#### What is expected:
Search the records for the string "Home" and copy every line where it turns up.

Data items
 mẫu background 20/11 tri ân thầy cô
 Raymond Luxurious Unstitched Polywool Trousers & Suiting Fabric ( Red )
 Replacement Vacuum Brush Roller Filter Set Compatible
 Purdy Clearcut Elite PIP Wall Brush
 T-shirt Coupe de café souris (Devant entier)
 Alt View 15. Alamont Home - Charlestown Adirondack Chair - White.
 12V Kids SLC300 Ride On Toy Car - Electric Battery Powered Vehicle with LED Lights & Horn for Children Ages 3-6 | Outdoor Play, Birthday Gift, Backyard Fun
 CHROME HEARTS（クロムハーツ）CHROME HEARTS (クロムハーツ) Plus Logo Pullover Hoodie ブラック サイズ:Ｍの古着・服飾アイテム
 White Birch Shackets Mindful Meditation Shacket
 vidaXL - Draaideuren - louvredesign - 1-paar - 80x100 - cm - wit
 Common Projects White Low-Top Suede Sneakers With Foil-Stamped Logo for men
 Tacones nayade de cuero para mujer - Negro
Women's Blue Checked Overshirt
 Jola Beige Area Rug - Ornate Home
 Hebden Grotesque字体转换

#### Expected output:
 Alt View 15. Alamont Home - Charlestown Adirondack Chair - White.
 Jola Beige Area Rug - Ornate Home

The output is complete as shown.